▶ [Exercise requirements]:
Among the entries below, find the line with "Image 1 : *" and the line with "日本製 遮音シート「saegiriPRO」30cm×30cm 3mm厚". Return exactly those lines and every line between them, but no pictures.

▶ [Records for the exercise]:
***

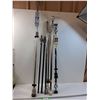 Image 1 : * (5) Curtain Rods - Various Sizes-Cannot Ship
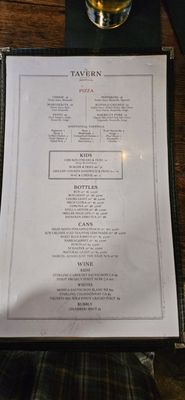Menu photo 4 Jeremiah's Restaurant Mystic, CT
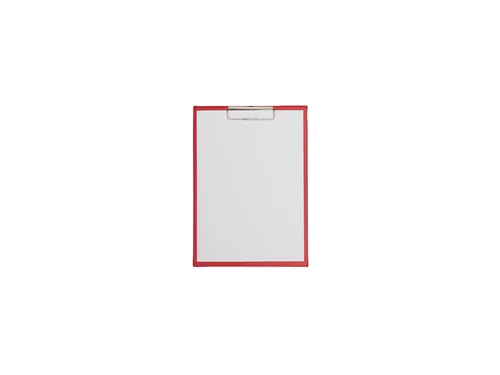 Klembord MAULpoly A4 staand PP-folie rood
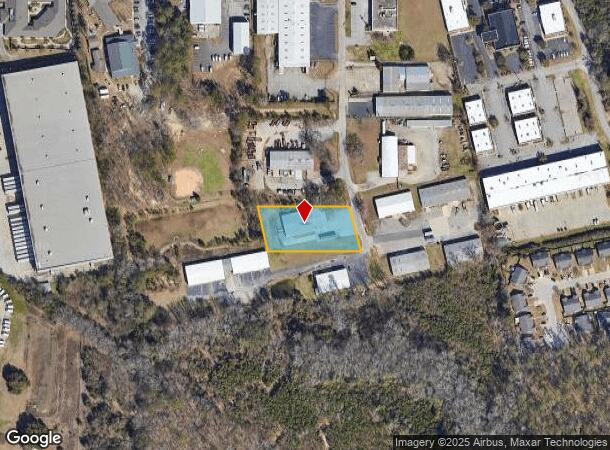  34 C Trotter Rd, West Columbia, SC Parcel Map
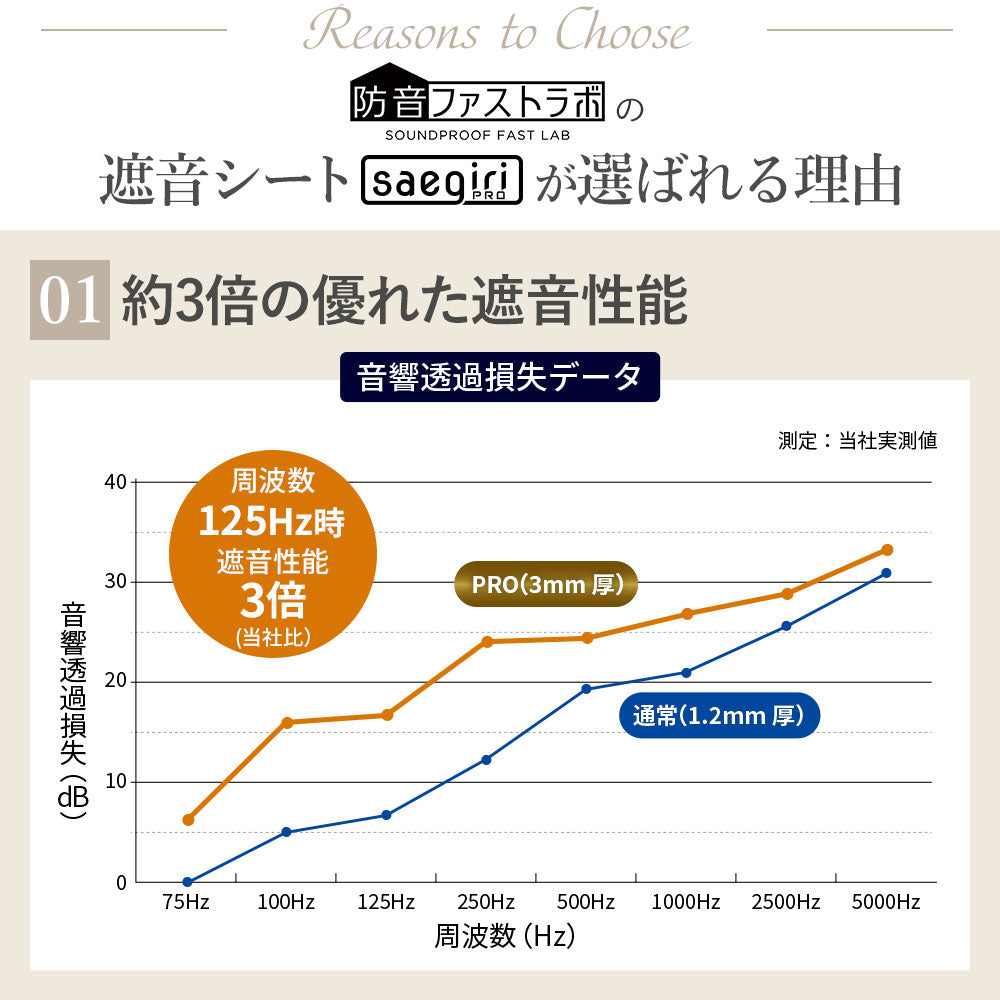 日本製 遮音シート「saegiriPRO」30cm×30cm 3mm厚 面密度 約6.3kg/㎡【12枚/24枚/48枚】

***

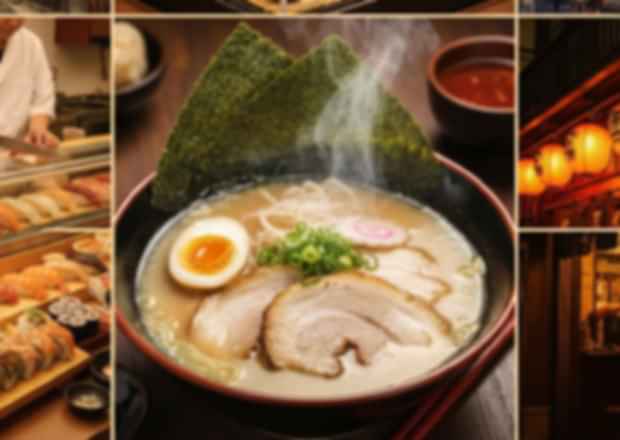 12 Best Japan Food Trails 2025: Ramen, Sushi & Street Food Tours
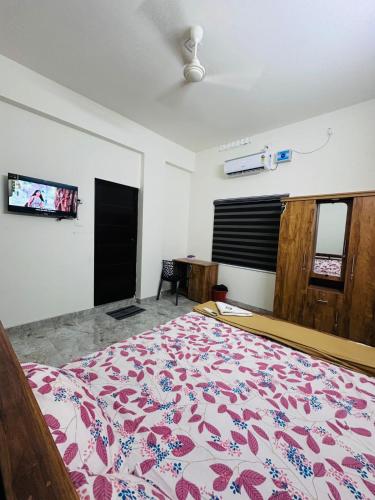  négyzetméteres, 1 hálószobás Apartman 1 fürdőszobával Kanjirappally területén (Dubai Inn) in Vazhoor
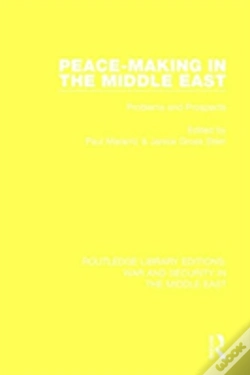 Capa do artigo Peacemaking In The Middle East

***

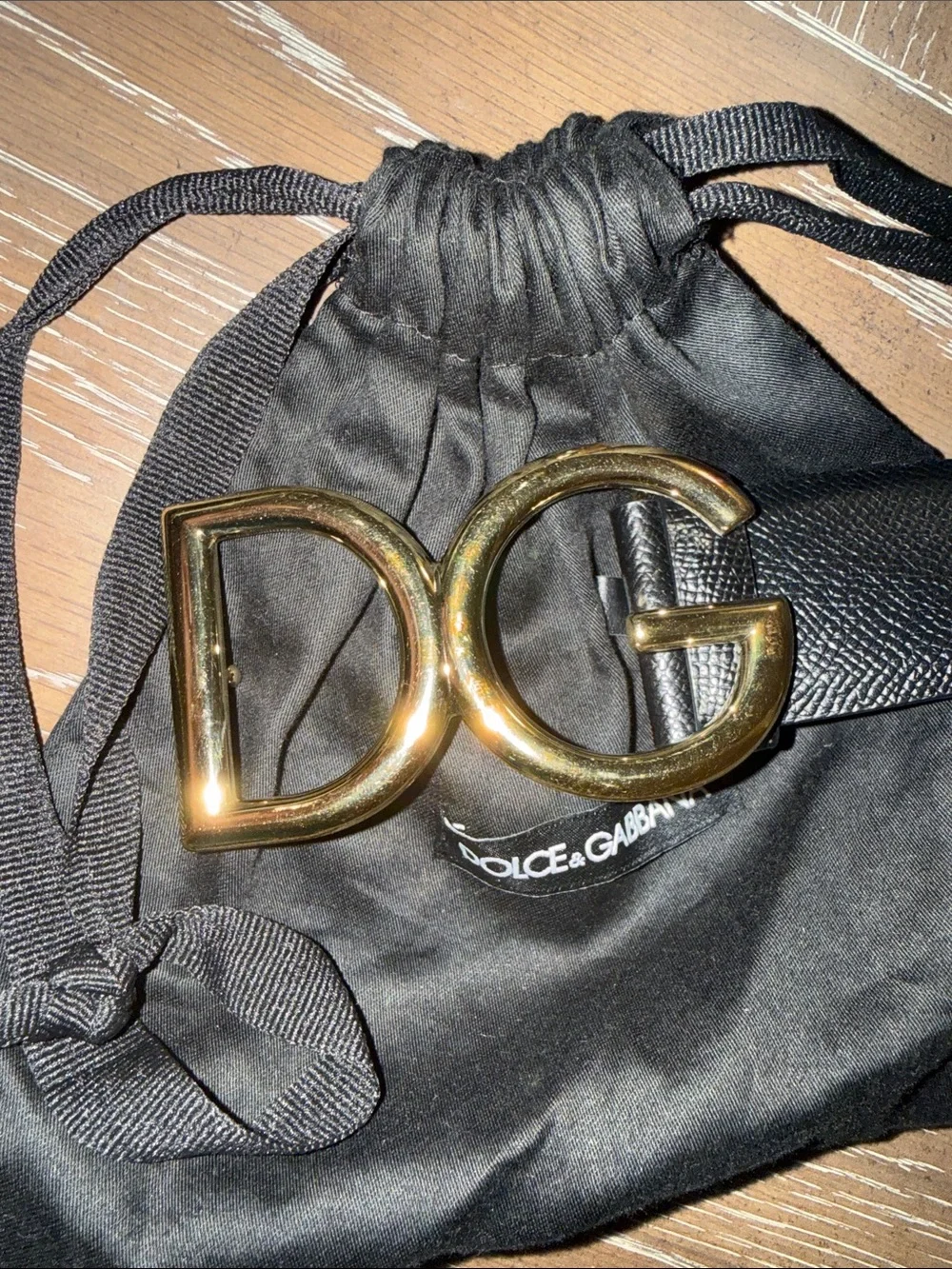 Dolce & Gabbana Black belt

***

▶ [Written response]:
 Image 1 : * (5) Curtain Rods - Various Sizes-Cannot Ship
Menu photo 4 Jeremiah's Restaurant Mystic, CT
 Klembord MAULpoly A4 staand PP-folie rood
  34 C Trotter Rd, West Columbia, SC Parcel Map
 日本製 遮音シート「saegiriPRO」30cm×30cm 3mm厚 面密度 約6.3kg/㎡【12枚/24枚/48枚】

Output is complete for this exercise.